Из письма составителю книги

от Любови Велиевой (Антуфьевой) из Саратова:

Александр Подстаницкий учился в одном классе 22-й школы города Мурманска перед войной с моей мамой Ириной Павловной Суходоловой и отцом Дмитрием Дмитриевичем Антуфьевым.

В их классе училась и Ася Любина – девушка, в которую Александр был влюблен и которой посвящал свои стихи. Ася была двоюродной сестрой моей мамы, их семьи в голодные годы переехали из Саратовской области в Мурманск.

Детство Саши Подстаницкого прошло в селе Пулозеро, где его родители учительствовали в начальной школе. Потом они переехали в Мурманск. В семье было шестеро мальчиков. Саша, Олег и Слава погибли на войне.

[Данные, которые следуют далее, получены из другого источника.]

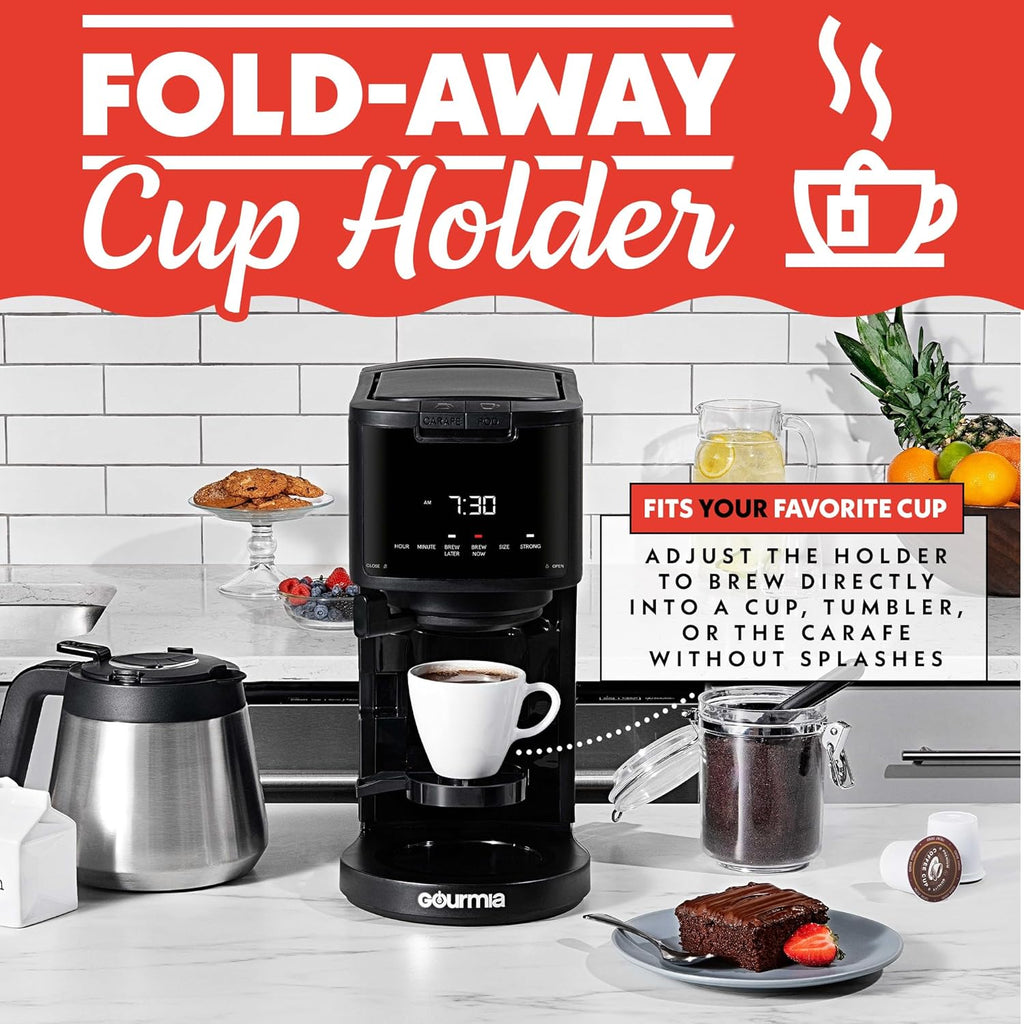 Gourmia 2-in-1 Single Serve and 12 Cup Coffee Maker - Drip Brew, K-Cup Compatible, Programmable, Pause and Serve, Removable Filter, Thermal Carafe, Black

Из класса, где учились Саша и мои родители, вернулось только двое ребят. Саша учился в Омской лет-ной школе. В начале войны его направили воздушным стрелком-радистом в авиацию дальнего действия. Погиб 28 июня 1942 года в воздушном бою под Орлом. Награжден он был орденом Красной Звезды и посмертно орденом Красного Знамени. В Мурманске есть улица Александра Подстаницкого. Мемориальная доска установлена в Доме печати (после окончания школы Саша был сотрудником газеты «Комсомолец Заполярья»; в командировках изъездил весь Кольский полуостров).

Я берегу теперь уже для внуков книжку его стихов «Недопетая песня», статью о Саше в газете «Комсомолец Заполярья» от 26 марта 1961 года, фотографию Аси Любиной…


Было известно, что почти все свои стихи Александр Подстаницкий посвятил Асе Любиной, но о самой девушке долгое время ничего не удавалось выяснить. И вот оказывается, что Ася после гибели Александра ушла добровольцем на фронт, была связисткой.


Из письма составителю книги

от Натальи Чичвариной из Саратова:

Знаю, что после войны Ася вернулась в Нарышкино, потом уехала в Мурмаши. Там встретила будущего мужа – Василия Андреевича Недобега. У них родились сын и дочь. После Мурмашей переехали на родину Василия – в Луганск. Они жили по адресу: ул. Тихоокеанская, 102. Я была у них в гостях, и они к нам в Саратов приезжали. В последние годы из-за известных событий связь прервалась. Ищу через Интернет, пока результатов нет. 15 августа Анастасии Петровне Недобега (Любиной) исполнится 93 года. Надеюсь, что она жива…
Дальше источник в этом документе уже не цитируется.